Daily Reflector: Pre-agenda meetings violate spirit of meetings law

From the Greenville Daily Reflector (9/2/10): The Pitt County Board of Commissioners may well be within its legal right to hold pre-agenda meetings to discuss items set for discussion at an ensuing "official" session. The gatherings are meant to be informal and are open to the public, so they are likely to meet the letter of North Carolina's open meetings statute.

In no way do they honor the spirit of that law, however, nor the principles of openness and transparency that lawmakers wanted to protect with it.
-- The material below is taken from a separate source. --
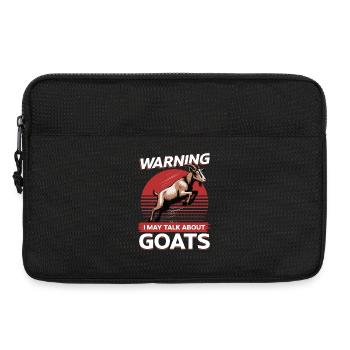 Funny Farm Animal Goat - Laptop bag 13" - black - Front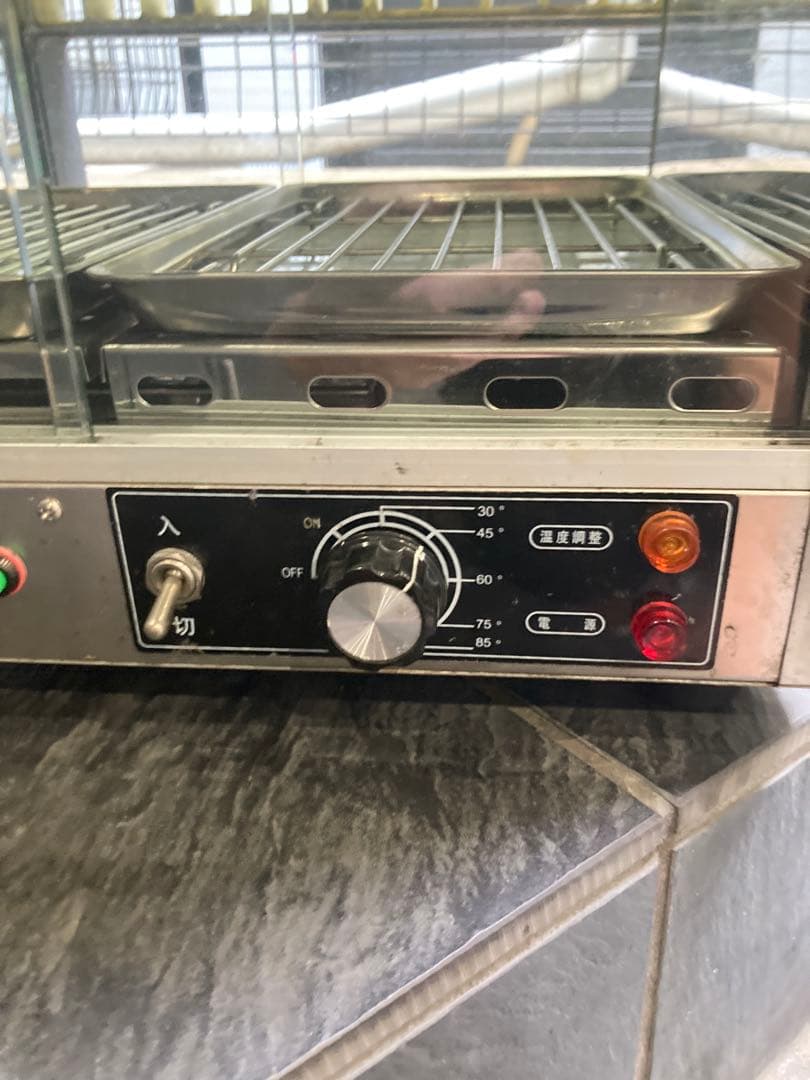 ホット ショーケース 温蔵庫 中古 横幅400mm コンビニ 弁当屋 業務用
If the pre-agenda meetings intend to help commissioners in the execution of their duties, accommodations must be made to ensure those sessions unfold in full view of the public, with a written record available to document what occurred.

The county commission usually meets on the first and third Monday of each month to tackle the pressing business facing this growing community. In advance of those formal sessions, several members gather on the Thursday before each meeting to go over the items on the agenda in what has become known as pre-agenda meetings. County Manager Scott Elliott is present to answer commissioners’ questions and to learn what information he needs his staff to gather before the regular meeting.

Unlike the official meetings, the pre-agenda sessions are not televised or recorded. They are open to the public, but held in a room that would not accommodate a large group. No minutes are kept, so there is no record of attendance or of the discussion. Elliott controls the flow of conversation, and says he halts commissioners if they stray into conducting official business.